Please write out all the data exactly as shown.

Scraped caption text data
◇ ◇ ◇
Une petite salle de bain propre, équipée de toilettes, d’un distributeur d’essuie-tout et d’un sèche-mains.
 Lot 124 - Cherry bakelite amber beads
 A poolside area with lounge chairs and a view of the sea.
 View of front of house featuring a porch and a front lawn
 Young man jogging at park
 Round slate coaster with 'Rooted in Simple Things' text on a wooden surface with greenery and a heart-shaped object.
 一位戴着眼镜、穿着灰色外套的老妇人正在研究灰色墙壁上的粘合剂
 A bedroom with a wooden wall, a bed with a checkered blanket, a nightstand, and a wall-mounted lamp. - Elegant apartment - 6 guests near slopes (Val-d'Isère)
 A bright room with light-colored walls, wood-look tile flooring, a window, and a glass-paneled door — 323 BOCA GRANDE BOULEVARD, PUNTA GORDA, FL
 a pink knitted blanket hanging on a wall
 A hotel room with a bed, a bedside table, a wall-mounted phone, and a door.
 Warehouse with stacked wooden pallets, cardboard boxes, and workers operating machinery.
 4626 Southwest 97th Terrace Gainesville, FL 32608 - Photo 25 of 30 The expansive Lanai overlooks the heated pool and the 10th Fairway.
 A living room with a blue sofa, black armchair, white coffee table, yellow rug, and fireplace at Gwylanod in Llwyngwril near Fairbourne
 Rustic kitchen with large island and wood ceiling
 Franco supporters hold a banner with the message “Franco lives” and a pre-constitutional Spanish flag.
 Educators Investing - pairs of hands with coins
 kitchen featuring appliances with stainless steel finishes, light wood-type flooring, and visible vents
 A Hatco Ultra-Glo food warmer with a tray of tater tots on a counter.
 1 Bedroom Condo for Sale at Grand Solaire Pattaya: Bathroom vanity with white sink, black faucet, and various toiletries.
◇ ◇ ◇
◆ **EXPECTED ANSWER**:
Une petite salle de bain propre, équipée de toilettes, d’un distributeur d’essuie-tout et d’un sèche-mains.
 Lot 124 - Cherry bakelite amber beads
 A poolside area with lounge chairs and a view of the sea.
 View of front of house featuring a porch and a front lawn
 Young man jogging at park
 Round slate coaster with 'Rooted in Simple Things' text on a wooden surface with greenery and a heart-shaped object.
 一位戴着眼镜、穿着灰色外套的老妇人正在研究灰色墙壁上的粘合剂
 A bedroom with a wooden wall, a bed with a checkered blanket, a nightstand, and a wall-mounted lamp. - Elegant apartment - 6 guests near slopes (Val-d'Isère)
 A bright room with light-colored walls, wood-look tile flooring, a window, and a glass-paneled door — 323 BOCA GRANDE BOULEVARD, PUNTA GORDA, FL
 a pink knitted blanket hanging on a wall
 A hotel room with a bed, a bedside table, a wall-mounted phone, and a door.
 Warehouse with stacked wooden pallets, cardboard boxes, and workers operating machinery.
 4626 Southwest 97th Terrace Gainesville, FL 32608 - Photo 25 of 30 The expansive Lanai overlooks the heated pool and the 10th Fairway.
 A living room with a blue sofa, black armchair, white coffee table, yellow rug, and fireplace at Gwylanod in Llwyngwril near Fairbourne
 Rustic kitchen with large island and wood ceiling
 Franco supporters hold a banner with the message “Franco lives” and a pre-constitutional Spanish flag.
 Educators Investing - pairs of hands with coins
 kitchen featuring appliances with stainless steel finishes, light wood-type flooring, and visible vents
 A Hatco Ultra-Glo food warmer with a tray of tater tots on a counter.
 1 Bedroom Condo for Sale at Grand Solaire Pattaya: Bathroom vanity with white sink, black faucet, and various toiletries.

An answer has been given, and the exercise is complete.